If it happens as those analysts expect, that will bring profitability in 2020, with 16 cents per share in earnings for that year — so considered as a purely numbers-based investment based on the foreseeable future, that’s dumb. You don’t pay 250X expected 2020 profits for a company, not even if it’s expected to double sales over the next couple years.
I’m not saying this is a dumb stock, just that it would be dumb to buy it based on those financials — so there must be some other reason to buy. What might it be?
Well, as luck would have it, AxoGen just released earnings yesterday — so we can get a pretty fresh look. Investors sold off the shares by a little bit on the news, perhaps because the losses were a little larger even though revenue increased more than expected. That seems to be because they’ve invested in their sales force and in marketing to surgeons.
Their investor presentation slide deck is here, and you can review the transcript of the conference call here.
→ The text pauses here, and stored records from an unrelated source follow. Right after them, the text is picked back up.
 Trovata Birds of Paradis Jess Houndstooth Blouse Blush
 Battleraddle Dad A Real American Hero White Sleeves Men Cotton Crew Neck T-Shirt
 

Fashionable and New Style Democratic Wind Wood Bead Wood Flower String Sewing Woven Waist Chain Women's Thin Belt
When I look those over as a non-expert, the “story” that initially occurs to me is one of steady growth as they build markets, mostly for their nerve graft materials and, to a lesser extent, for their testing equipment — but whether or not that kind of growth, without profits, should trade at 20X sales, I don’t know. That’s a call you’ll have to make based on your understanding of their market and their products.
I don’t know if they have any strong competitors to be wary of, and these markets are not massive so it could be that they can gradually grow their sales and keep gross margins high… but they’re also investing a lot to try to build sales, so clearly the money is not rushing in on its own, which means there’s some level of entrenched product that limits the thirst the market might have for the next new big thing. Either that, or it’s just a market that’s slow to change — which can certainly happen in many professions, though I don’t know much about neurological surgeons.
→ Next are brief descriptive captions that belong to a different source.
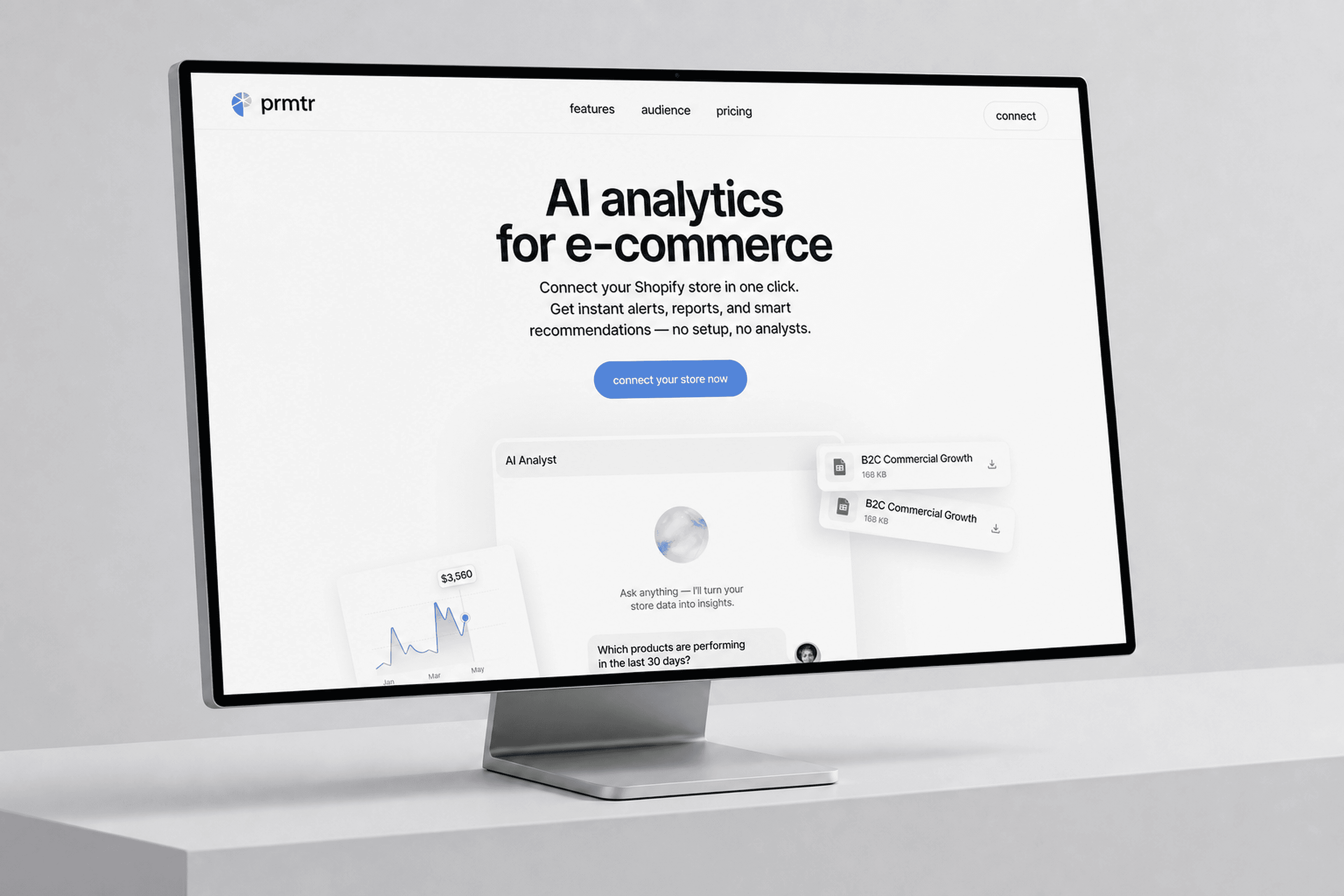 Prmtr conversational analytics interface on an ultrawide studio display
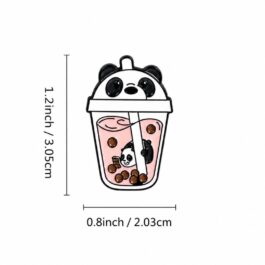 Cute Panda Bubble Tea Enamel Pin for Bags, Jackets & Backpacks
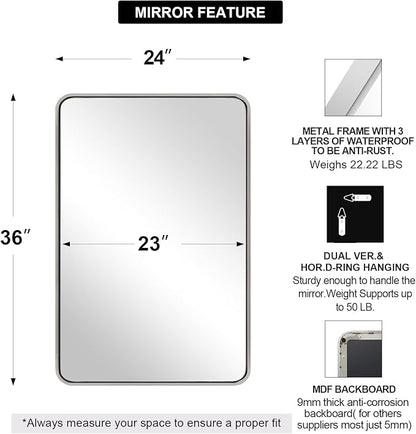 ANDY STAR Chrome Mirrors for Bathroom, 24x36’’ Rounded Rectangle Mirror, Chrome Bathroom Vanity Mirror, SUS304-Anti-Rust, Wall-Mounted Horizontal/Vertical 1’’ Deep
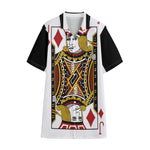 Jack Of Diamonds Playing Card Print Cotton Hawaiian Shirt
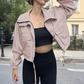 🧥 50% OFF NOW! 🌸 Women's Casual Lightweight Cropped Jacket – Elastic Cuffs, Practical Pockets & Relaxed Fit ✨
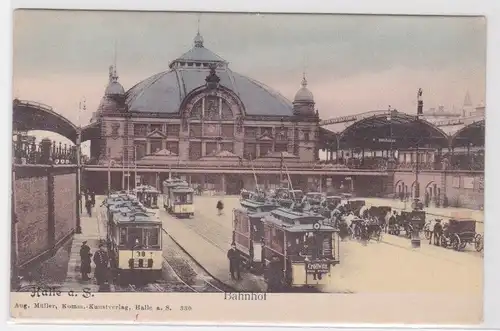 28861 AK Halle a. Saale - Bahnhof mit Kutschen und Straßenbahnen um 1900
They note in their presentation that their target markets for the major products they sell tally up to $2.2 billion, so at $60 million in trailing revenue they’re almost a rounding error when it comes to what they see as the total market — and they’ve noted elsewhere that only about 10% of US hospitals who do nerve repair surgery are using AxoGen products right now, so whether you dismiss that as “small and irrelevant” or as a huge opportunity as they try to take market share from more traditional nerve grafts (often using nerves moved from another part of the body, instead of new material like AxoGen provides)
But anyway… Cabot sez they’re going to $80 and continuing this fantastic share price performance, and now the ball passes over to you. Whadda ya think? Ready to invest in some next-generation nerve grafts? Think it’s a great opportunity, or too pricey for the growth rate? Let us know with a comment below.
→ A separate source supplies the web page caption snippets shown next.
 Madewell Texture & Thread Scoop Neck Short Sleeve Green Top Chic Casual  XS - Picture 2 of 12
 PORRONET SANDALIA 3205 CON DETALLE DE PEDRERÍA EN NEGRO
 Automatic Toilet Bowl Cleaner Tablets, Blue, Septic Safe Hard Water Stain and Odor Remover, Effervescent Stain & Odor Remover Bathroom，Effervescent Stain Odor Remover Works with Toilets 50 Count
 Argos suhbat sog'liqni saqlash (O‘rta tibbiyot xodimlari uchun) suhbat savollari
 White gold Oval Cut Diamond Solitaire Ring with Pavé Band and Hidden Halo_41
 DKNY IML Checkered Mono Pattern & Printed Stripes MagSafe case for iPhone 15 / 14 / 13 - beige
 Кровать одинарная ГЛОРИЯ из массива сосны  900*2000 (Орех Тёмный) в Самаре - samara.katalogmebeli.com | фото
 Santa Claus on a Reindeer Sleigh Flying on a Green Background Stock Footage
P.S. I should note that this newsletter’s last teased niche biotech stock, LeMaitre Vascular (LMAT) about two years ago, early in Laundon’s tenure, did in fact do as well as they predicted and double in about a year — though that one is still a lot cheaper and smaller than AXGN. Laundon’s more recent teased stocks included Aqua Metals (AQMS), which I thought sounded pretty appealing at first glance but was apparently a disaster in the making, Aspen Aerogels (ASPN), which has been flat since the teaser pitch, and Q2 Holdings (QTWO), a momentum stock that I couldn’t talk myself into given the competition in banking services… but that has performed very well recently.